In [None]:
# Upgrade Oracle ADS to pick up latest features and maintain compatibility with Oracle Cloud Infrastructure.

!pip install -U oracle-ads

Oracle Data Science service sample notebook.

Copyright (c) 2019, 2022 Oracle, Inc. All rights reserved. Licensed under the [Universal Permissive License v 1.0](https://oss.oracle.com/licenses/upl).

---
# <font color="red">Visualizing Data</font>
<p style="margin-left:10%; margin-right:10%;">by the <font color=teal>Oracle Cloud Infrastructure Data Science Service Team</font></p>

---
    
# Overview:

Data visualization is an important component of data exploration and data analysis in modern data science practices. An efficient and flexible data visualization tool can provide more insight into the data for data scientists.

This notebook provides an overview of the data visualizations that you can perform with ADS. It will focus on smart data visualization technology that uses the columns types and other settings to atomically great an intuitive plot for your data.

Compatible with: [General Machine Learning](https://docs.oracle.com/en-us/iaas/data-science/using/conda-gml-fam.htm) for CPU on Python 3.8 (version 1.0)

---
    
## Contents:

- <a href='#data'>Dataset</a>
- <a href='#eda'>Exploratory Data Analysis</a>
    - <a href='#eda_target'>Plot Target Distribution</a>
    - <a href='#eda_feature'>Plot Feature Distributions</a>
    - <a href='#eda_target'>Automatic Feature Plotting</a>
- <a href='#custom'>Custom Plotting</a>
    - <a href='#custom_lambda'>Ploting with Lambdas</a>
    - <a href='#custom_3d'>3D Ploting</a> 
    - <a href='#custom_pairplot'>Seaborn's `pairplot` Method</a>
    - <a href='#custom_matplotlib'>Matplotlib</a>
    - <a href='#custom_pie'>Pie Chart</a>
    - <a href='#custom_gis'>GIS Plot</a> 
- <a href='#ref'>References </a> 
 
---
 
Datasets are provided as a convenience.  Datasets are considered third-party content and are not considered materials 
under your agreement with Oracle.
    
You can access the `earthquake` dataset license [here](https://creativecommons.org/publicdomain/zero/1.0/).    

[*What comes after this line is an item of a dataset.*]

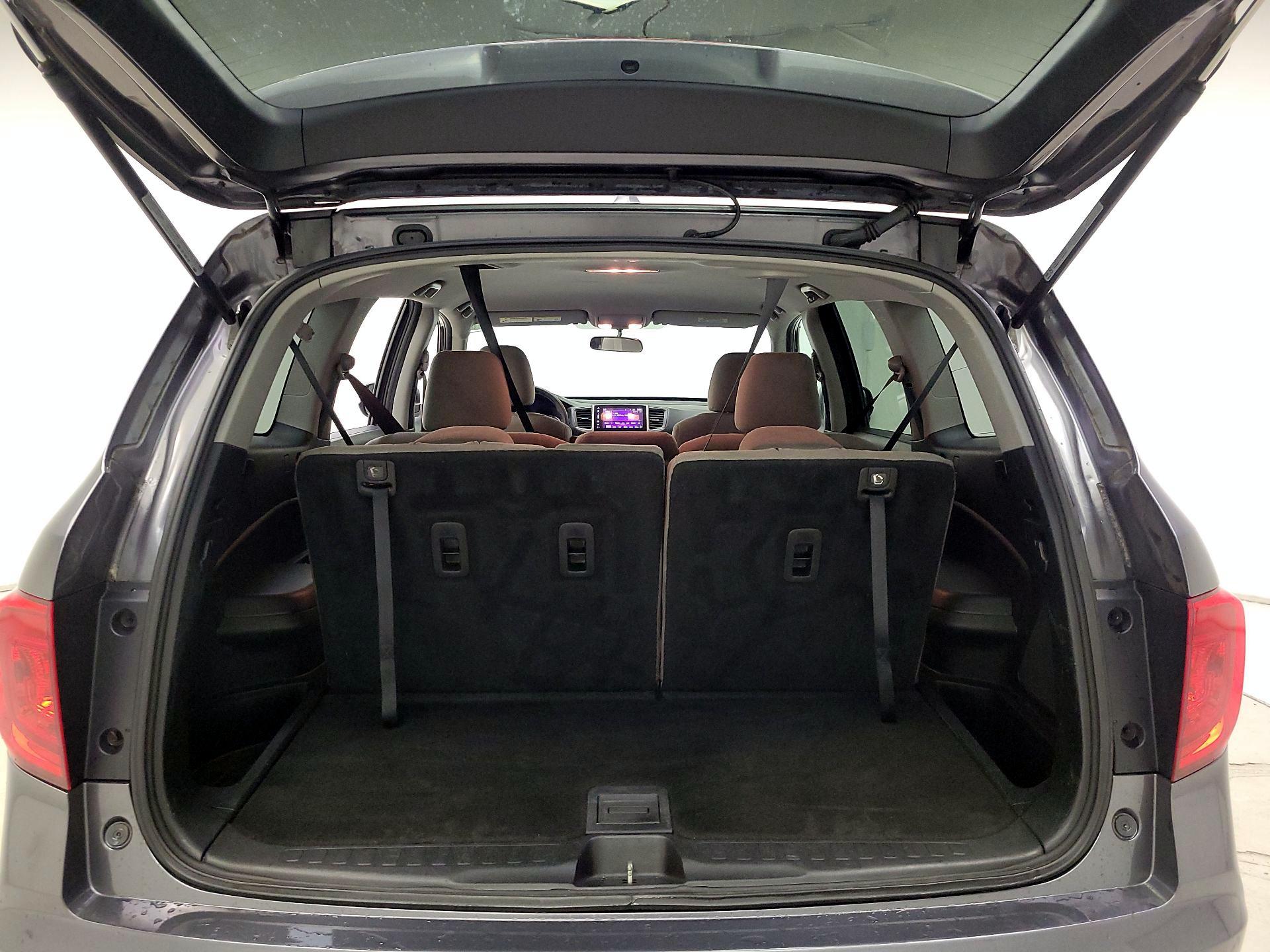 Thumbnail: 2018 Honda Pilot - 20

You can access the `iris` dataset license [here](https://github.com/scikit-learn/scikit-learn/blob/master/COPYING).  
    
You can access the `oracle_classification_dataset1` dataset license [here](https://oss.oracle.com/licenses/upl). 
    
You can access the `oracle_traffic_timeseries_dataset1.csv` dataset license [here](https://oss.oracle.com/licenses/upl). 

---


In [None]:
import logging
import matplotlib.pyplot as plt
import numpy as np
import pandas as pd
import seaborn as sns
import warnings

from ads.dataset.factory import DatasetFactory
from mpl_toolkits.mplot3d import Axes3D
from numpy.random import randn
from os.path import join
from sklearn.utils import Bunch
from sklearn.datasets import load_iris

warnings.filterwarnings("ignore")
logging.basicConfig(format="%(levelname)s:%(message)s", level=logging.ERROR)

<a id='data'></a>
# Dataset

You are working with the Oracle Classification Dataset. This has a set of features and a binary (`1`/`0`) target called `class`.

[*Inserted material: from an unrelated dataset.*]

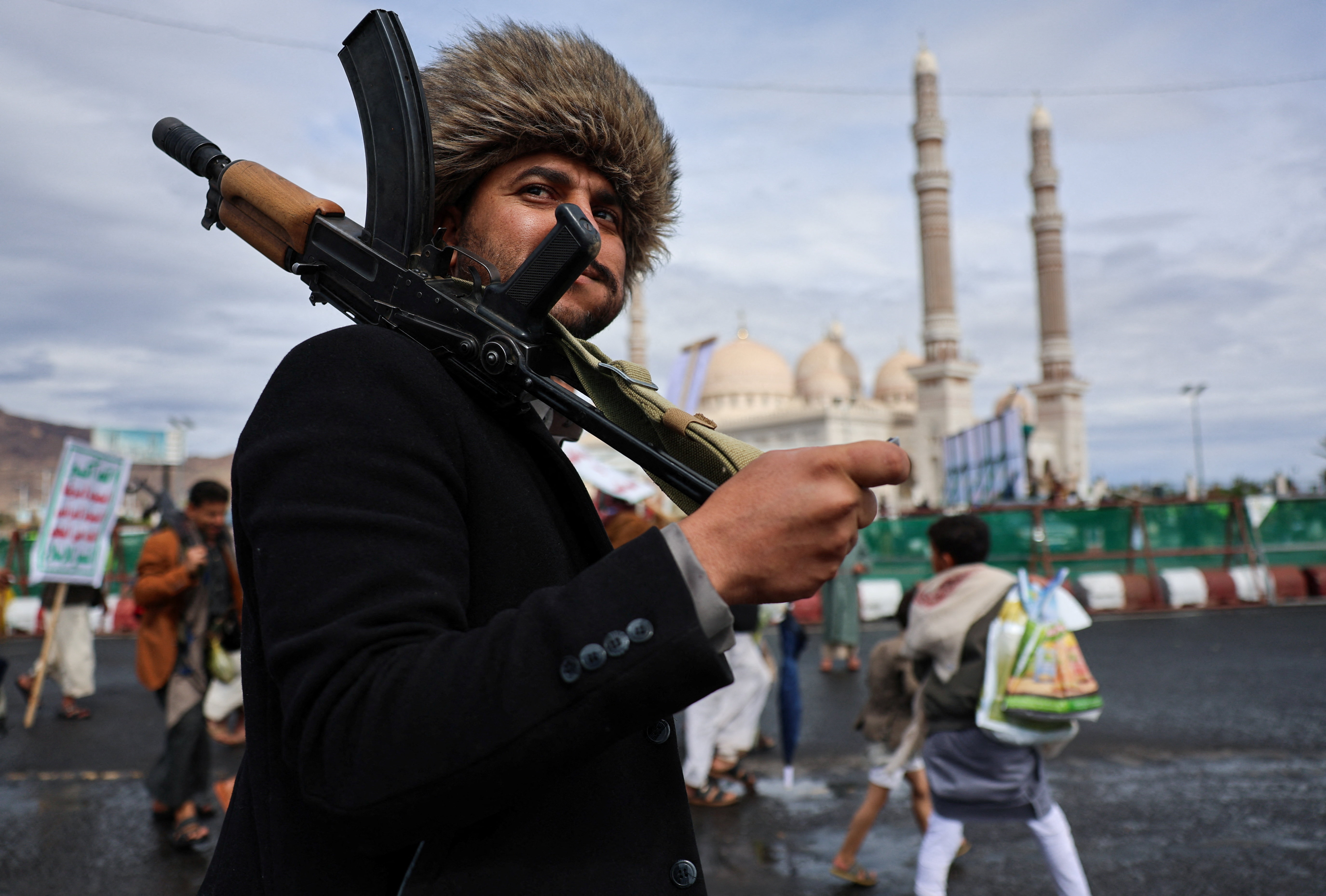 Guerre en Iran : les Houthis ouvrent le feu sur Israël, provoquant leur  entrée en guerre – L'Express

The `oracle_classification_dataset1_150K.csv` file is stored here on Oracle ArtiFactory, but the source could be any number of locations, Oracle Storage, HDFS, Git etc. The format and additional options are inferred, however, there are many options to control how the `.open()` method works. It can also convert any local Pandas DataFrame to a Dataset.

The data is downsampled down to 1,500 rows and 21 columns. The columns describe the different attributes of each row.

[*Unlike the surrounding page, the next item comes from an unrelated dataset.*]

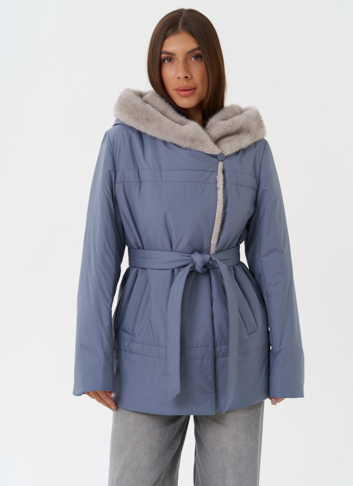 Куртка с капюшоном из эко меха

If you don't yet know the target in your project, you can explore the data first and set the target later.

In this notebook, you will be working with a CSV file that is stored on the network. The `DatasetFactory` class allows you to load from both the local and network file system. You can read many different file formats such as CSV, TSV, Parquet, libsvm, JSON, Excel, HDF5, SQL, XML, apache server log files (clf, log), and ARFF.

In [None]:
data_path = join(
    "/",
    "opt",
    "notebooks",
    "ads-examples",
    "oracle_data",
    "oracle_classification_dataset1_150K.csv",
)
ds_preview = DatasetFactory.from_dataframe(data_path, target="class")
ds_preview = ds_preview[
    [
        "class",
        "col01",
        "col02",
        "col03",
        "col04",
        "col05",
        "col06",
        "col07",
        "col08",
        "col09",
        "col010",
        "col011",
        "col012",
        "col013",
        "col014",
        "col015",
        "col016",
        "col017",
        "col018",
        "col019",
        "col020",
    ]
].sample(frac=0.01)

<a id='eda'></a>
# Exploratory Data Analysis

<a id='eda_target'></a>
## Plot Target Distribution

Let's take a look at the distribution of the target column. 

In [None]:
ds_preview.target.show_in_notebook()

In the above cell, the target column `count` is a categorical value, therefore the smart data visualization tool selected a `count plot`. The above plot demonstrates that the count of class 1 is more than the count of class 0.

<a id='eda_feature'></a>
## Plot Feature Distributions

The next cell will plot a set of features against the target feature by specifying a list of feature names in the parameter `feature_names` in the method of `show_in_notebook`.

In [None]:
ds_preview.target.show_in_notebook(feature_names=["col01", "col02", "col03", "col09"])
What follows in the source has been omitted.